| PROBLEM REQUIREMENTS |
Two lines below mark the span: the one containing "日本东京+日光市+茨城+春日部市6日5晚拼小团 日本东京" and the one containing "Коты без отпуска на закате". Set down both, plus every line between, exactly as they stand, and nothing else.

| GIVEN DATA |

● ● ● ●

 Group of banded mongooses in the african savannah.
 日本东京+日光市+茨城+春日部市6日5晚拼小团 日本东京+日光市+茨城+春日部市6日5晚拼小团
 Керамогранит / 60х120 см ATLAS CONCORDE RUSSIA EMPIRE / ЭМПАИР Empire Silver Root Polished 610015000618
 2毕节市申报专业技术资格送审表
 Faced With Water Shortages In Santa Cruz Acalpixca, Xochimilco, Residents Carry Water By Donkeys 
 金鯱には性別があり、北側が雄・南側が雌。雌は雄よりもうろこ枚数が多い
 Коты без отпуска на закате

● ● ● ●

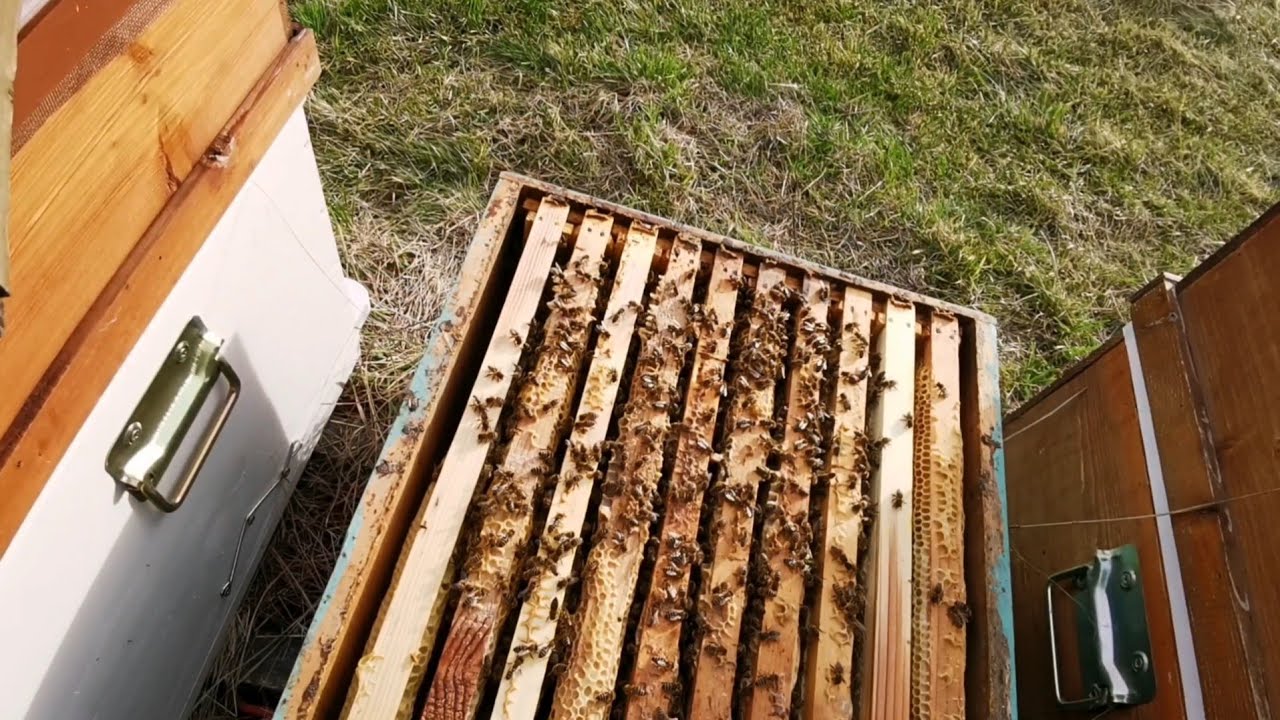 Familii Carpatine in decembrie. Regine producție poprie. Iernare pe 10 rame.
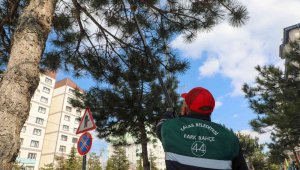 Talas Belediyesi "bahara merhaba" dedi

● ● ● ●

| TASK ANSWER |
 日本东京+日光市+茨城+春日部市6日5晚拼小团 日本东京+日光市+茨城+春日部市6日5晚拼小团
 Керамогранит / 60х120 см ATLAS CONCORDE RUSSIA EMPIRE / ЭМПАИР Empire Silver Root Polished 610015000618
 2毕节市申报专业技术资格送审表
 Faced With Water Shortages In Santa Cruz Acalpixca, Xochimilco, Residents Carry Water By Donkeys 
 金鯱には性別があり、北側が雄・南側が雌。雌は雄よりもうろこ枚数が多い
 Коты без отпуска на закате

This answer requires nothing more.